Task »
Write out, word for word, each line from the start of the entries through the one holding "WaterRebirth 6.3 inch"; omit the pictures.

Given entries »
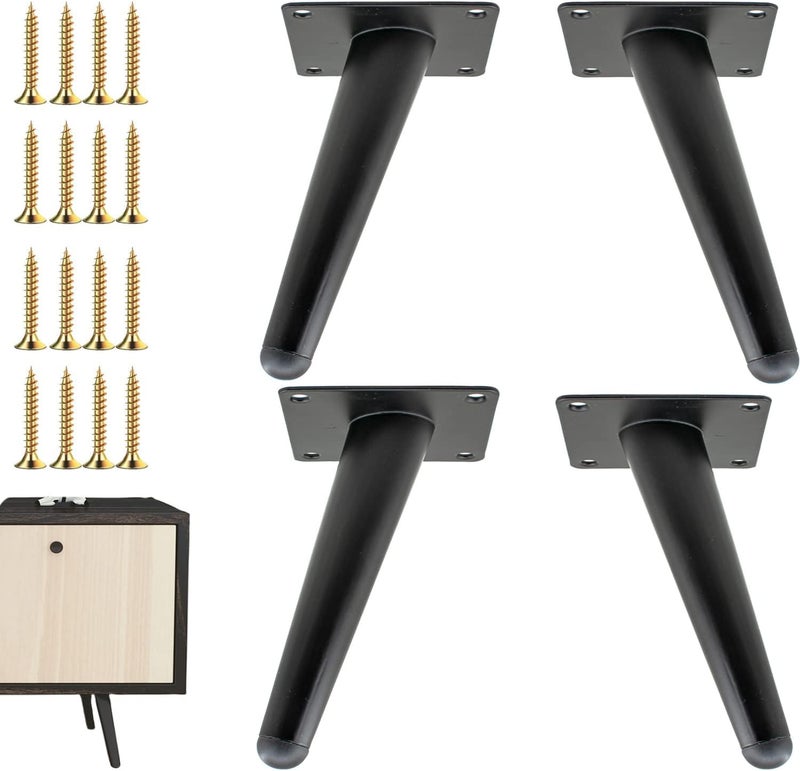 HIRVALL 6 Inch Furniture Legs Set of 4 MidCentury Style Metal Replacement Legs for Chairs Sofas Cabinets Tables and DIY Projects - Image 1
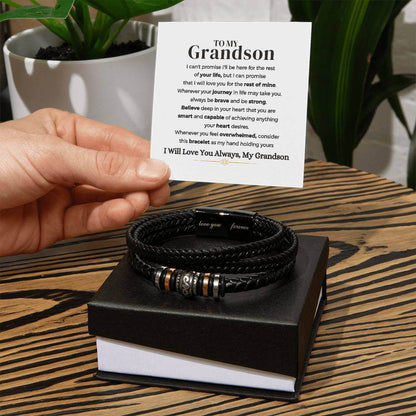 To My Grandson Bracelet | Braided Leather Bracelet Gift Set - IV585V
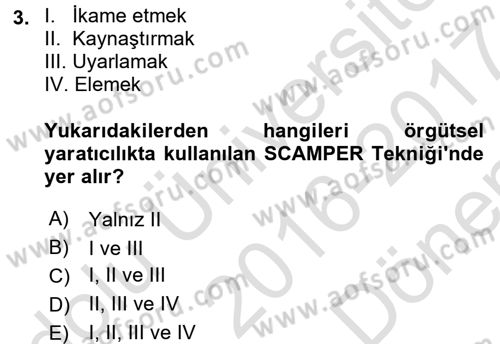 Girişimcilik Dersi 2016 - 2017 Yılı (Final) Dönem Sonu Sınav Soruları 3. Soru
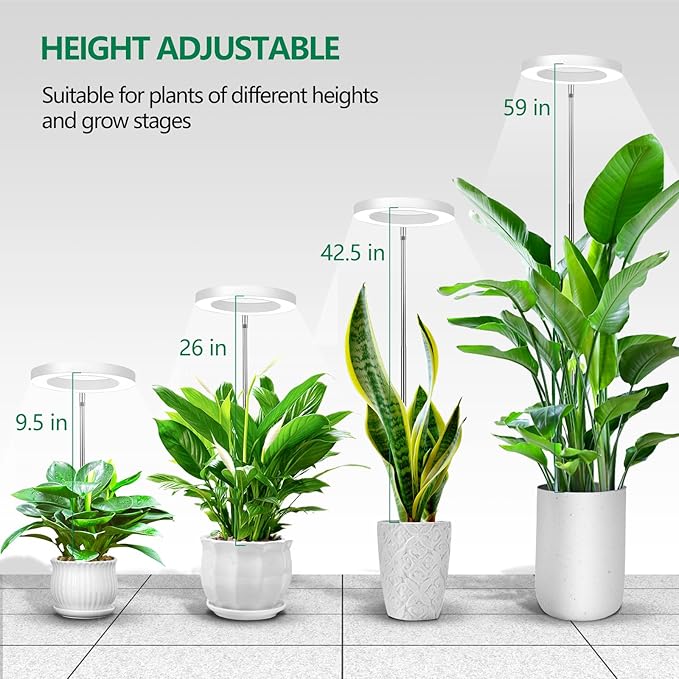 WaterRebirth 6.3 inch LED Grow Light for Indoor Plants, Full Spectrum Halo Plant Light with 3/9/12H Auto Timer, 10-Level Dimmable, Height Adjustable for Tall Plants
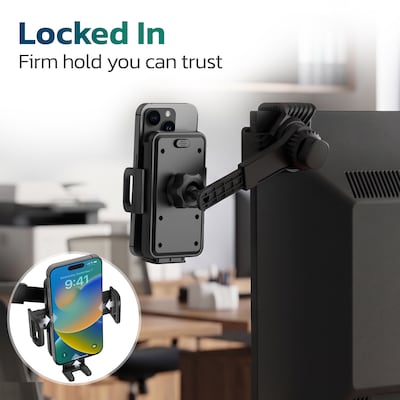 Purely P60 Universal Phone Holder for Computer and Car Screens up to 0.7" with Adjustable Arm Holder, Black (PSHP60BK)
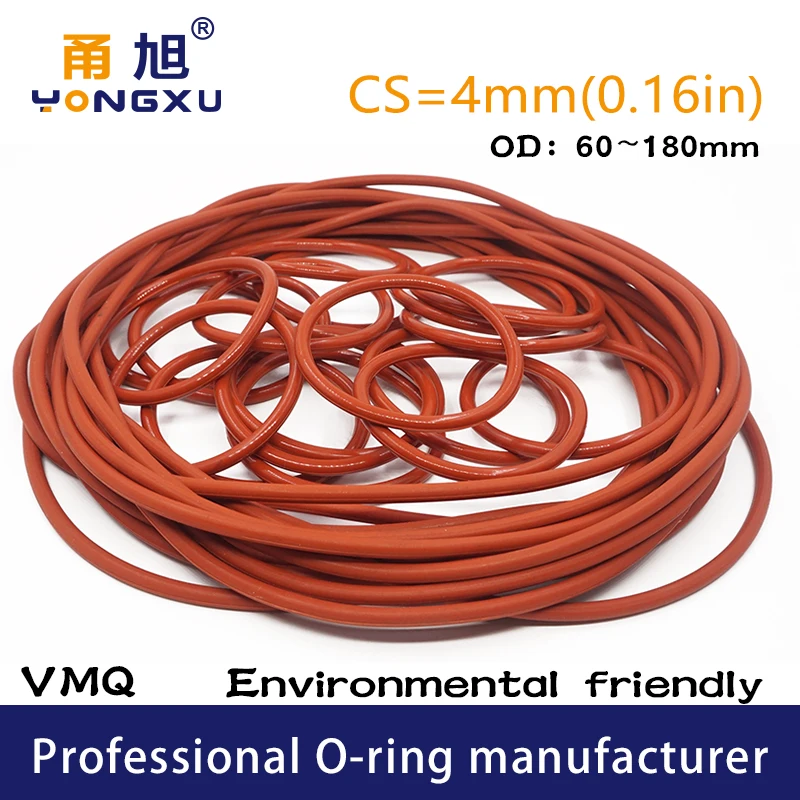 Красные силиконовые уплотнительные кольца/VMQ cs4мм толщина OD60/180*4 мм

Task solution »
 HIRVALL 6 Inch Furniture Legs Set of 4 MidCentury Style Metal Replacement Legs for Chairs Sofas Cabinets Tables and DIY Projects - Image 1
 To My Grandson Bracelet | Braided Leather Bracelet Gift Set - IV585V
 Girişimcilik Dersi 2016 - 2017 Yılı (Final) Dönem Sonu Sınav Soruları 3. Soru
 WaterRebirth 6.3 inch LED Grow Light for Indoor Plants, Full Spectrum Halo Plant Light with 3/9/12H Auto Timer, 10-Level Dimmable, Height Adjustable for Tall Plants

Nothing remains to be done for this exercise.